Fokke Obbema, a Beijing-based correspondent for one of the main Dutch dailies, de Volkskrant, hopes his new book China and Europe: where two worlds meet will create greater understanding. But Obbema emphasises that he doesn’t want to make excuses for China.
by John-Boy Vossen
“I’m not trying to gloss over the country’s authoritarian political system or the human rights violations”, explains Obbema. “I want to show what China stands for and the country’s role. I want to present as realistic a picture of the country as possible by presenting the facts as objectively as possible.”
In his book, he examines China’s allegedly increasing influence in Europe. Journalists often warn about this “yellow peril”, he says, but the figures show a different picture. In 2011 and the first half of 2012, China invested four billion euros in Europe. That’s considerably less than US investments in Europe or amongst members of the European Union themselves.
Obbema also discusses censorship in China. “Various people I spoke to”, he explains, “told me that Chinese journalists and scientists enjoy greater freedom today, despite all the censorship. When I started looking in the Western media for articles about this, I discovered that little or nothing had been published on the subject.”
Fear of China
The author believes the reason for this contradiction lies in the fact that many newsrooms only want stories in which journalists emphasise this fear of China. “A good example was an article I wrote about Chinese buying wine estates in the Bordeaux region. British and American media reported that the region’s world famous wine production was going to fall into Chinese hands.”
“When I went there, I discovered that of the 11,000 wine estates, the Chinese had purchased only six relatively unknown ones. I quoted a grumbling farmer as well as two experts who were positive about the investment. The sub-editor chose the farmer’s quote as the headline because otherwise I had ‘no story’.”
According to Obbema, reporters believe they know what readers want and so they play up these feelings of fear. “China obviously provides sufficient cause for this. But I think the country’s image has become too distorted. China can be criticised on many different levels. But if we only focus on the negative aspects, then we are going too far.”

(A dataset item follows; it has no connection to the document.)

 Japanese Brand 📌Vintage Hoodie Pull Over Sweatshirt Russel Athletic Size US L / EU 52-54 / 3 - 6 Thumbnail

The author hopes his book will create awareness and reduce one-sided reporting. “I think that readers want balanced articles. Journalists need to understand that and think about how they can provide better reporting.”
Obbema believes it will take time for this awareness to take root: “I think newspapers are likely to continue playing up the feelings of fear, in part because of adverse social developments, such as the economic crisis. This increases fear among people, and the media are jumping on that bandwagon.”